Saturday, September 03, 2011

Let's Pretend.....

This is it, kids, the last 3-day weekend of summer! 

When the fuzzy one and I got up this morning, I filled my coffee cup and we walked outside to see the hubby in his shop.  The water puddles felt ooooooh sooooooo good as I squished my bare feet down in them.  The fuzzy one is just like me and follow me through the puddles she did.

Today is Saturday, the day we pick up the sticks around the house.  Nothing in the world interests me less than housework.  There are those women who actually enjoy cleaning their homes, but I'm not one of them and won't pretend that I am.  If we had oodles of money, there's nothing I wouldn't hire done for me. 

I always say that I have more hobbies than good sense.  Maybe that's why I only want to putz with crochet projects, weaving projects, jewelry-making projects, acrylic-painting projects, stone-painting projects, writing projects, reading projects, and computer projects.  Sometimes I get so bogged down with projects, that I freeze up and don't do anything.  It reminds me of flooding a car and then it doesn't start.
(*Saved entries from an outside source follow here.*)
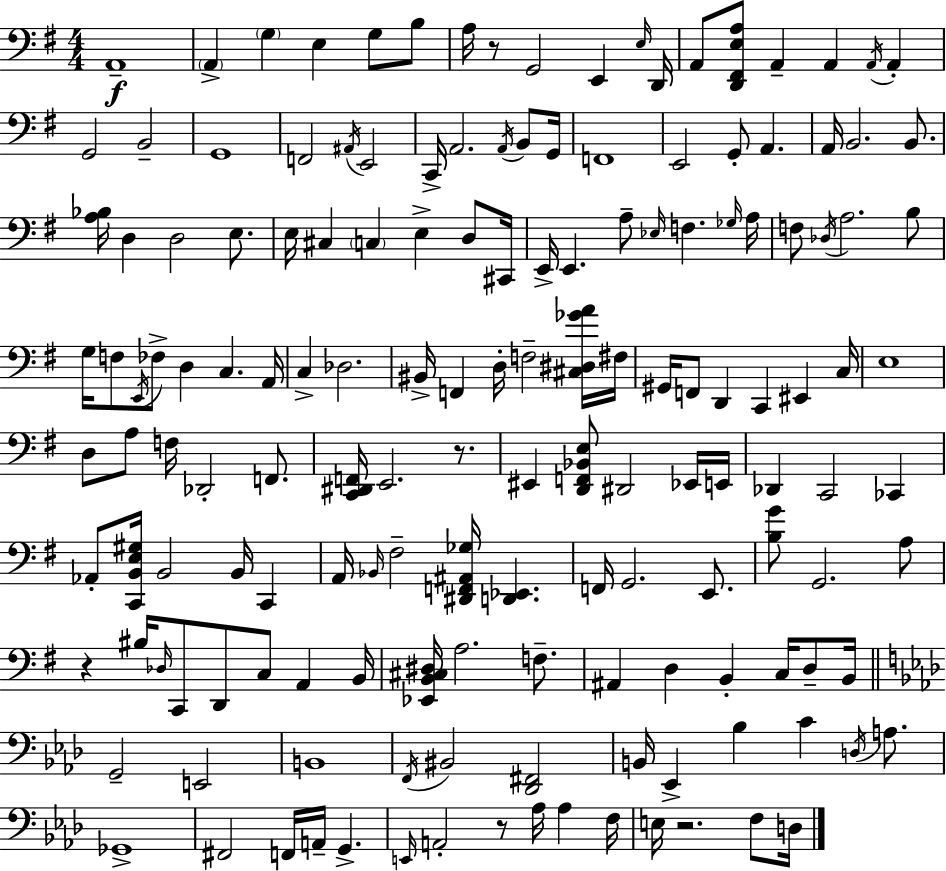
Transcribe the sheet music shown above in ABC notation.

X:1
T:Untitled
M:4/4
L:1/4
K:G
A,,4 A,, G, E, G,/2 B,/2 A,/4 z/2 G,,2 E,, E,/4 D,,/4 A,,/2 [D,,^F,,E,A,]/2 A,, A,, A,,/4 A,, G,,2 B,,2 G,,4 F,,2 ^A,,/4 E,,2 C,,/4 A,,2 A,,/4 B,,/2 G,,/4 F,,4 E,,2 G,,/2 A,, A,,/4 B,,2 B,,/2 [A,_B,]/4 D, D,2 E,/2 E,/4 ^C, C, E, D,/2 ^C,,/4 E,,/4 E,, A,/2 _E,/4 F, _G,/4 A,/4 F,/2 _D,/4 A,2 B,/2 G,/4 F,/2 E,,/4 _F,/2 D, C, A,,/4 C, _D,2 ^B,,/4 F,, D,/4 F,2 [^C,^D,_GA]/4 ^F,/4 ^G,,/4 F,,/2 D,, C,, ^E,, C,/4 E,4 D,/2 A,/2 F,/4 _D,,2 F,,/2 [C,,^D,,F,,]/4 E,,2 z/2 ^E,, [D,,F,,_B,,E,]/2 ^D,,2 _E,,/4 E,,/4 _D,, C,,2 _C,, _A,,/2 [C,,B,,E,^G,]/4 B,,2 B,,/4 C,, A,,/4 _B,,/4 ^F,2 [^D,,F,,^A,,_G,]/4 [D,,_E,,] F,,/4 G,,2 E,,/2 [B,G]/2 G,,2 A,/2 z ^B,/4 _D,/4 C,,/2 D,,/2 C,/2 A,, B,,/4 [_E,,B,,^C,^D,]/4 A,2 F,/2 ^A,, D, B,, C,/4 D,/2 B,,/4 G,,2 E,,2 B,,4 F,,/4 ^B,,2 [_D,,^F,,]2 B,,/4 _E,, _B, C D,/4 A,/2 _G,,4 ^F,,2 F,,/4 A,,/4 G,, E,,/4 A,,2 z/2 _A,/4 _A, F,/4 E,/4 z2 F,/2 D,/4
 Do little kids these days still pretend?  Pretending was spectacular fun when we were little.  We pretended to be cowboys, priests, nuns, cops, robbers, kings, queens, doctors, patients, anything we could think of.  When my boy cousin and I played doctor, we would take an old china cup of water and a teaspoon.  The one of us that was the patient would go to bed, cover up with blankets, and the other would spoon-feed the water as we pretended it was medicine.  We made sticks into weapons and chased each other around the yard, we put bandanas over our faces and pretended to be stagecoach robbers.  Our horses were invisible, but we trotted around with our hands holding invisible reins, galloping after each other.  We'd chase each other through pretend canyons, drive our pretend horses through groves of trees, set up camp, build a pretend fire, cook kettles of pretend beans, eat them with pretend forks, and then sprawl ourselves on the ground, lay our heads on our pretend saddles, and take our afternoon nap.  Most of these pretend scenarios took place at gramma and grampa's house.  They let us go off by ourselves, and they encouraged our adventures so long as we didn't get hurt.

My head spins with stories of pretend.  Guess maybe pretending is part of life.  When we're out and about in public, we pretend to be at our best.  Then when we get back home, we shed our threads (the first thing I do is take off my bra and fling it across the room) and resume being our plain old selves.  We relax the politeness, we scratch when it itches, we dance with the broom and sing in the soup ladle.   

If I could be one thing in the whole wide world, I'd like to be a mouse.  I'd hide in houses where the hoity toidies live so I could see what they do when no one else is around.  Isn't that just awful of me?